→ **Input for this task**
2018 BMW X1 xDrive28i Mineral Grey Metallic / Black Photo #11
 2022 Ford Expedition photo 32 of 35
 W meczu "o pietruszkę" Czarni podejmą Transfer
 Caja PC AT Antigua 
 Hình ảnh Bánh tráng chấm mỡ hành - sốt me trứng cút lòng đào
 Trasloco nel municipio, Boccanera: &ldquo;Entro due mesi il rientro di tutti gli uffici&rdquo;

→ **Exercise**
Precisely as given, transcribe all of the entries above.

→ **Answer to the exercise**
2018 BMW X1 xDrive28i Mineral Grey Metallic / Black Photo #11
 2022 Ford Expedition photo 32 of 35
 W meczu "o pietruszkę" Czarni podejmą Transfer
 Caja PC AT Antigua 
 Hình ảnh Bánh tráng chấm mỡ hành - sốt me trứng cút lòng đào
 Trasloco nel municipio, Boccanera: &ldquo;Entro due mesi il rientro di tutti gli uffici&rdquo;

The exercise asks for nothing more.